“İki kaplumbağa çölde bir şapka bulur. Şapkayı denerler, ikisine de yakışmıştır. Ama sadece bir şapka ve iki kaplumbağa vardır. Yapılacak tek şey: Şapkayı çölde bırakmaları ve bulduklarını unutmaları… Ancak kaplumbağalardan birinin kıpırdayan gözleri bize bunun o kadar da kolay olmadığını söyler…”
Jon Klassen, “We Found a Hat”
Dünyada ve Türkiye’de felsefi sorgulamaya giderek artan bir ilgi var. “Çocuklarla Felsefe” pedagojisi kimi zaman kulüp çalışmalarıyla kimi zaman da haftada bir ders saati olmak üzere okulların ders programlarında yavaş yavaş yerini almaya başladı.
İyi haber şu ki bu alanda eğitim alan öğretmen sayısı da her geçen gün artıyor. Eğitim sisteminden beklediğimiz eleştirel düşünme ve yaratıcılığı teşvik etmek için felsefenin muazzam potansiyelini gören eğitimciler, Çocuklarla Felsefe Eğitimleriyle kendi uzmanlık alanlarını da dolaylı olarak dönüştürmelerini sağlayan yepyeni bir pencere açıyorlar önlerinde.

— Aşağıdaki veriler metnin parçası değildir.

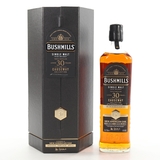 Bushmills 1990 - 30 Years Old - The Causeway Collection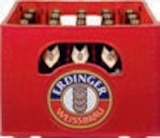 Aktuelle Erdinger Angebote bei tegut in Würzburg Aktuelles Brauhaus Helles Lagerbier Angebot bei tegut in Würzburg ab 14,99 €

Felsefe denilince genellikle insanların aklına filozofları hayatının işlendiği ya da büyük filozofların söyledikleri sözlerin çözümlendiği bir ders geliyor. Oysa ki Felsefe, felsefi sorular üzerine bir düşünme etkinliğidir.
Felsefi sorgulama yapabilmek için öncelikle sorunun felsefi bir soru olması gerekir. “Mona Lisa neden gülümsüyor?” gibi bir soru, kesinlikle ilgi çekicidir, açık uçludur ama felsefi bir soru değildir.

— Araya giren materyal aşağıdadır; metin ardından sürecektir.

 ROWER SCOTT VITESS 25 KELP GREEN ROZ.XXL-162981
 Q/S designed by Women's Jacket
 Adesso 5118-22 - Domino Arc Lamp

Felsefi sorular, bilim ve matematik sorularından farklı olarak bir uzmana sorarak, deney yaparak ya da internette arama yaparak cevaplanamaz.
Felsefi sorular, kavramsaldır yani büyük fikirlerle ilgilidir. Tüm insanlar için ortaktır; yani günlük endişeler taşırlar. Birçok farklı görüş ortaya çıkardıkları için tartışılabilirdir ve insanların; kendileri, başkaları, dünya ile ilişkileri hakkında nasıl düşündüklerinin merkezinde yer alırlar.
Felsefi sorular, dikkatli düşünmemizi gerektirir ve bu düşüncenin ürünü bilgeliktir. Nadiren de olsa herkesin üzerinde anlaşabileceği kesin bir cevap biçimindedir.
Bu nedenle felsefe eğitimlerine öncelikli olarak neyin felsefi soru olup olmadığını anlayarak başlamak gerekir. Bu noktada Phil Cam’in geliştirdiği soru matrisi, oldukça yol göstericidir.
Soru matrisini, öğrencilerinizin felsefi olan ve olmayan soruları ayırt etmeleri için kullanabilirsiniz. Öğrencilerin soruların doğru sınıflandırılması konusunda fikir ayrılığa düşmesi muhtemeldir. Bu anlaşmazlıkların da bir öğrenme fırsatı olduğunu unutmayın.
Aynı zamanda P4C adı verilen Çocuklarla Felsefe yaklaşımı, bir soruşturma topluluğu oluşturmaya odaklanır ve açılımı aşağıdaki gibidir:
P Philosophy
4 for
C Children/Communities
Philosophy for Children (Çocuklar için Felsefe)
Philosophy for Communities (Topluluklar için Felsefe)
4C’nin açılımı ise yaratıcı (Creative), kritik (critical thinking), özenli (caring) ve işbirlikçi (collabarative)’dir.
Soruşturma topluluğunda öğrenciler:
- Yaratıcı: Yeni fikirler üretirler, fikirleri yeni yollarla bir araya getirirler ve her şeyi farklı görürler.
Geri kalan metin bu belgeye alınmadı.